**Brief:**
When you copy from the entries that follow, take only the lines from the one with "Tshirts Versage e Burberry" down to the one with "街で買い物袋を持つ女性達", keeping both ends and dropping every picture.

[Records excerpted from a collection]
▼▼▼

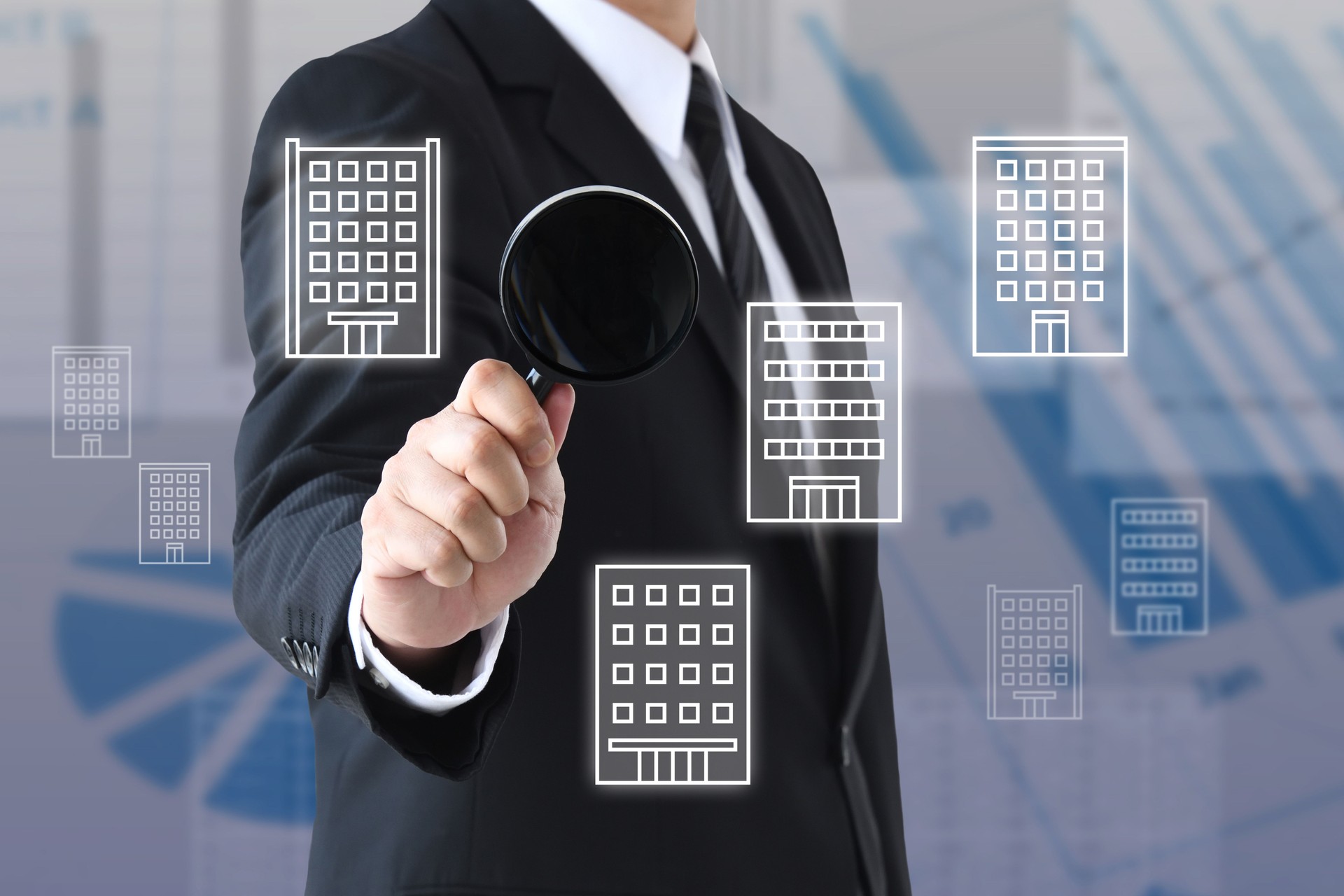 Businessman using a magnifying glass to research a company
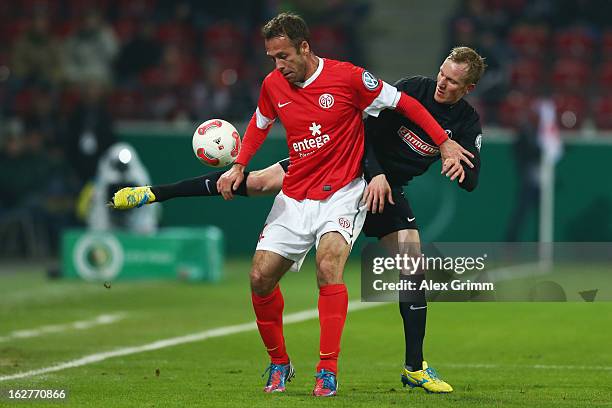 Nikolce Noveski of Mainz is challenged by Jan Rosenthal of Freiburg during the DFB Cup Quarter Final match between FSV Mainz 05 and SC Freiburg at...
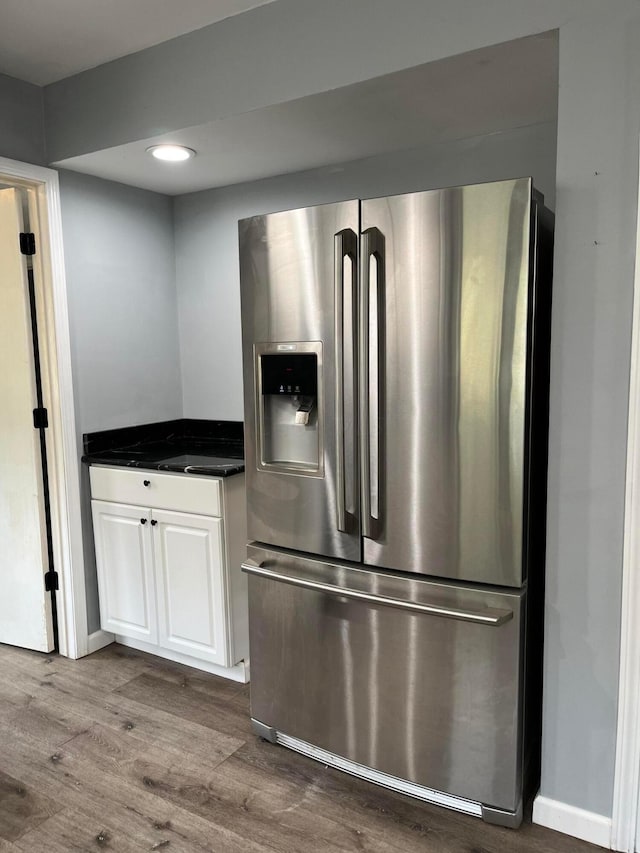 kitchen with stainless steel fridge with ice dispenser, white cabinets, and wood-type flooring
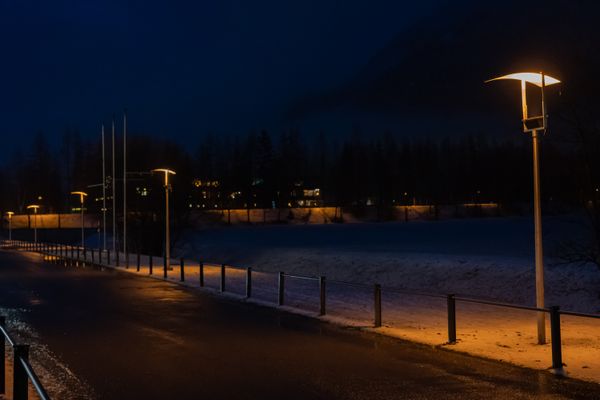 Street lamps on a deserted snowy road at night — Castorly Stock on Pexels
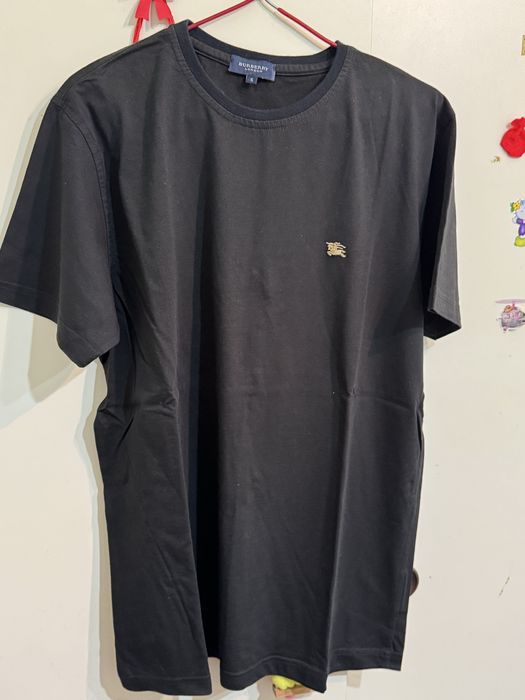Tshirts Versage e Burberry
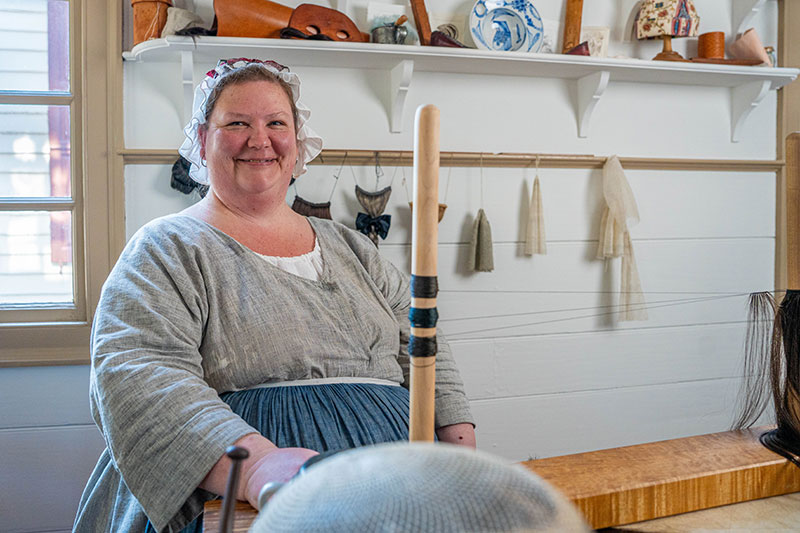 Debbie Turpin in Colonial era clothing in her wig shop in Colonial Williamsburg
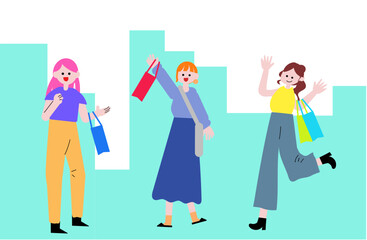 街で買い物袋を持つ女性達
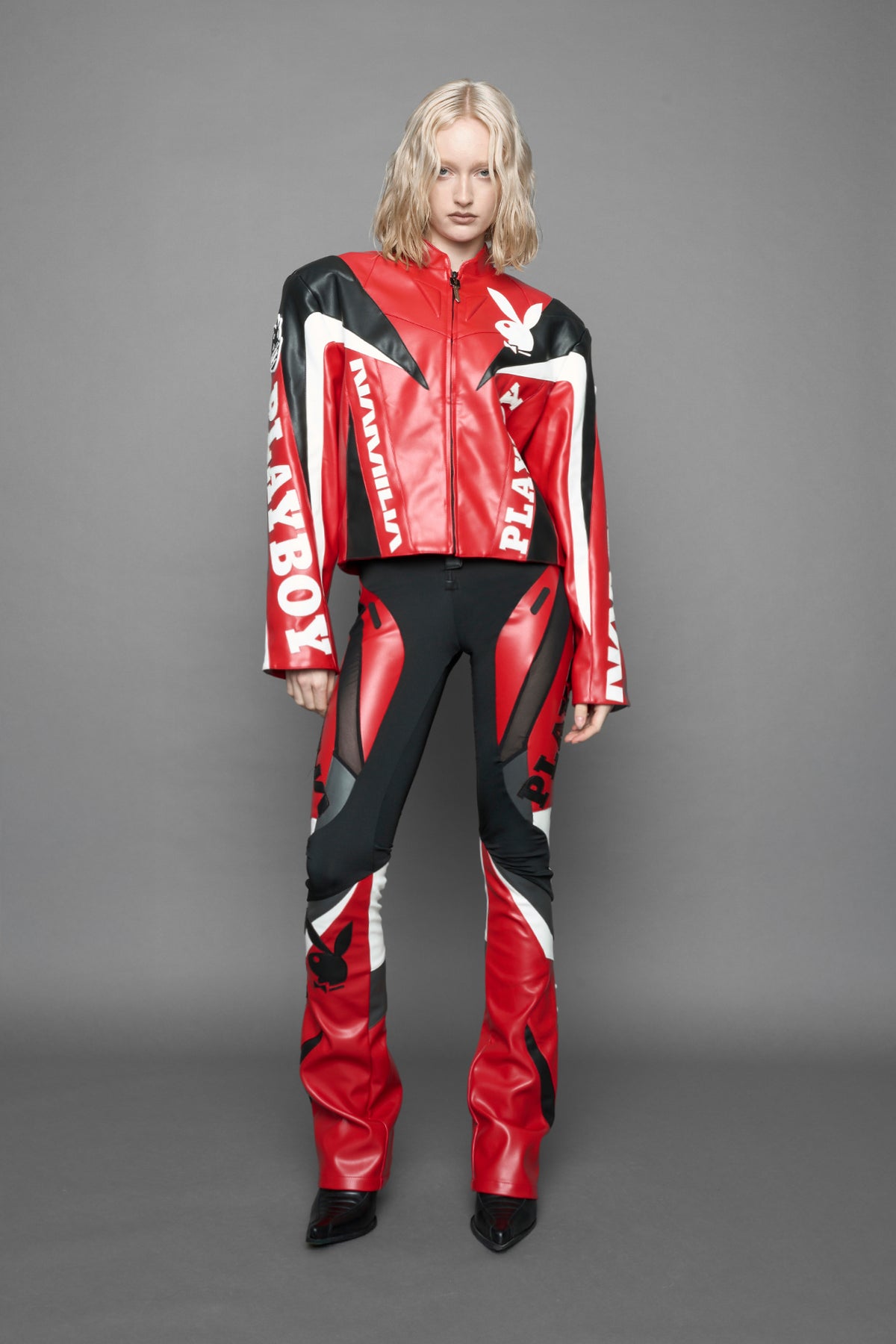 model wearing red vegan leather zip-up jacket with black PU leather 'Namilia' and 'Playboy' embroidery and black and white paneling. On the left chest there is a white Playboy Bunny Embroidery.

▲▲▲

**Response to this task:**
Tshirts Versage e Burberry
 Debbie Turpin in Colonial era clothing in her wig shop in Colonial Williamsburg
 街で買い物袋を持つ女性達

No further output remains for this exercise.